Cuando volviese al escenario ese fin de semana se inspiraría en lo que había sentido al estar cerca de Ethan.

Pero en el mundo real, todos esos sentimientos eran nuevos para Merida.

Capítulo 2

 

 

 

 

 

A MERIDA le faltaba el aliento cuando entraron en el espacio en penumbra. A pesar del centelleo de las joyas no había ventanas para orientarse y el sutil aroma a bergamota y madera de la colonia de Ethan Devereux parecía envolverla cuando se acercó para mirar la primera vitrina.

Merida se aclaró la garganta.

–Estos son los amuletos de Al-Zahan.

Ethan había esperado joyas fabulosas o antiguas figuras talladas, pero era una colección de gemas incrustadas en piedras, aún en su forma original. Y, en lugar de aburrirse, rara vez se había sentido tan fascinado como cuando Merida empezó a contarle su historia.

–Esta colección era una pasión de la difunta reina Dalila de Al-Zahan. Hasta el día de su muerte, hace veinte años, seguía buscando tesoros olvidados.

–¿Cómo murió? –le preguntó Ethan.

–Durante un parto. Creo que era su cuarto hijo, pero puedo comprobarlo.

–No es necesario.

Merida no estaba tan segura. Sentía como si estuviese poniéndola a prueba.

–El día de su matrimonio recibió como regalo este amuleto…

En la primera vitrina había un intricado nudo de esmeraldas y mineral de cobre. Perfectamente iluminado, giraba lentamente sobre su eje y Ethan lo miró durante un rato.

–Los matrimonios eran, y siguen siendo, acordados en Al-Zahan –siguió Merida–. Los amuletos celebran el futuro amor y propician la fertilidad. Dicen que son un regalo lleno de posibilidades que aún no han sido cumplidas.

Él parecía algo más interesado, pensó Merida mientras seguían adelante.

–Este amuleto es de lapislázuli, el color usado en el cuadro Noche Estrellada de Van Gogh.
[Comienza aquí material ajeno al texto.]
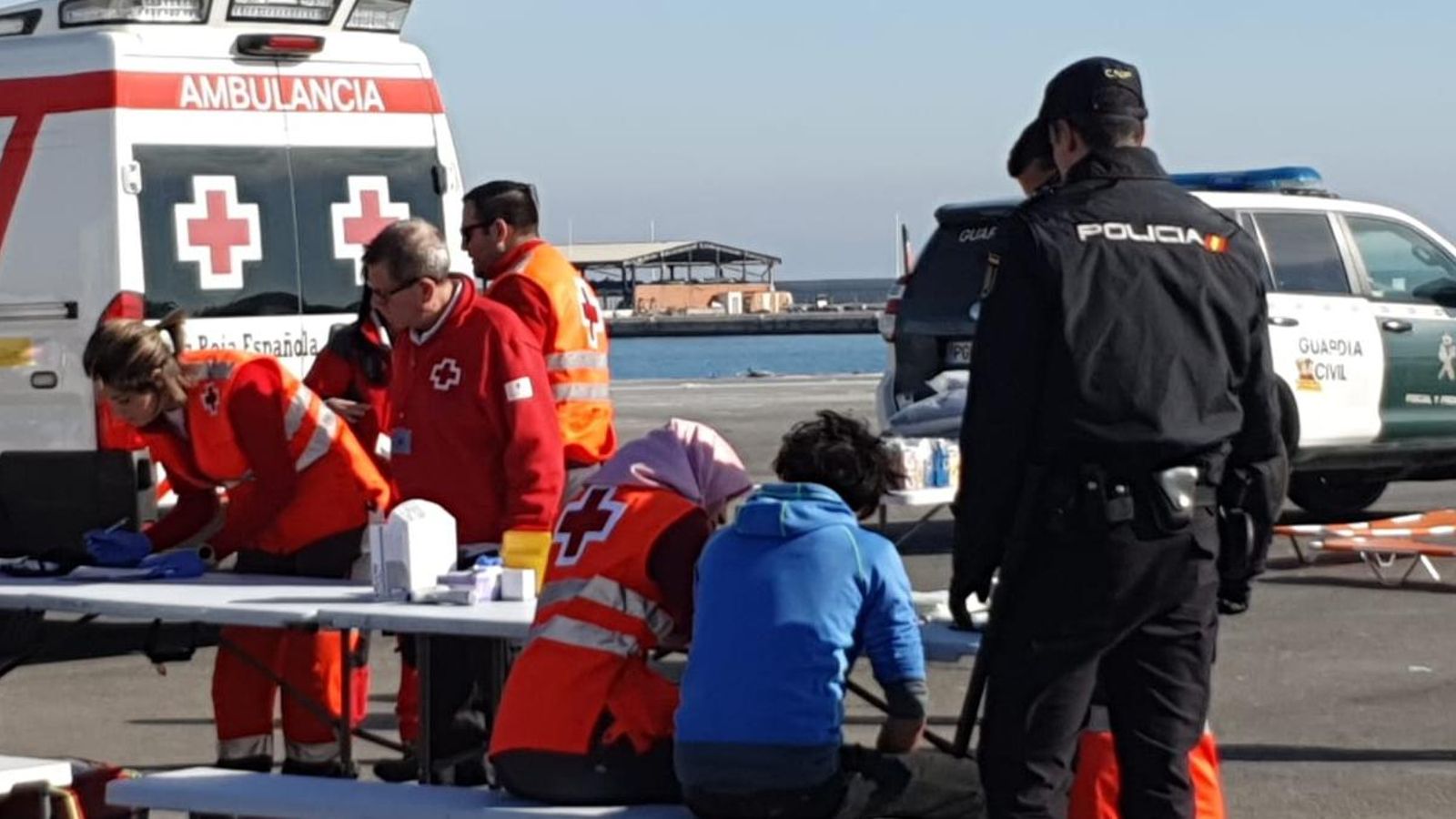 Imatge d'arxiu del dispositiu de Creu Roja per assistir als migrants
Cuando la entonces princesa estaba estudiando aquí, en Estados Unidos, vio el cuadro en un museo y dicen que fue el recuerdo del cuadro lo que la hizo emprender la misión de encontrar los amuletos perdidos.

–¿Y encontró muchos?

–En el momento de su muerte había conseguido reunir una gran colección.

–¿Y estudió aquí? –preguntó Ethan, más que interesado.

–En la universidad de Columbia.

Era la universidad en la que Khalid y él se habían conocido y le sorprendió descubrirlo a través de una extraña. Claro que su amigo siempre había sido enigmático.

–La princesa Dalila volvió a Al-Zahan para casarse, pero su cariño por Nueva York es la razón por la que su hijo, el jeque Khalid, aceptó que los amuletos fueran expuestos aquí.

Ethan siguió adelante, pero ya no estaba aburrido y se quedó mirando un rubí incrustado en mármol en la siguiente vitrina.

–Este es uno de mis favoritos –dijo Merida, poniéndose unos guantes negros y ofreciéndole otro par mientras le contaba la historia–. Hace trescientos años hubo una boda secreta en Al-Zahan –le explicó en voz baja, como si estuviera compartiendo un secreto–. Debido a la disputa entre las dos familias no se entregó ningún amuleto. Por fin firmaron la paz, pero dos años después, cuando ella no quedó embarazada, decidieron que esa era la razón. El rey, desesperado por perpetuar su linaje, pidió que se excavara para encontrar las mejores gemas. Tardaron tres años hasta que encontraron lo que a él le pareció una ofrenda adecuada.

–Es una historia asombrosa –dijo Ethan. Y también lo era la voz que la había narrado.

Ella le ofreció la piedra en forma de huevo y él la sostuvo entre el pulgar y el índice para examinarla de cerca.

–Cuidado –le advirtió Merida–. Asegura la fertilidad.

–Para una gallina quizá –bromeó Ethan.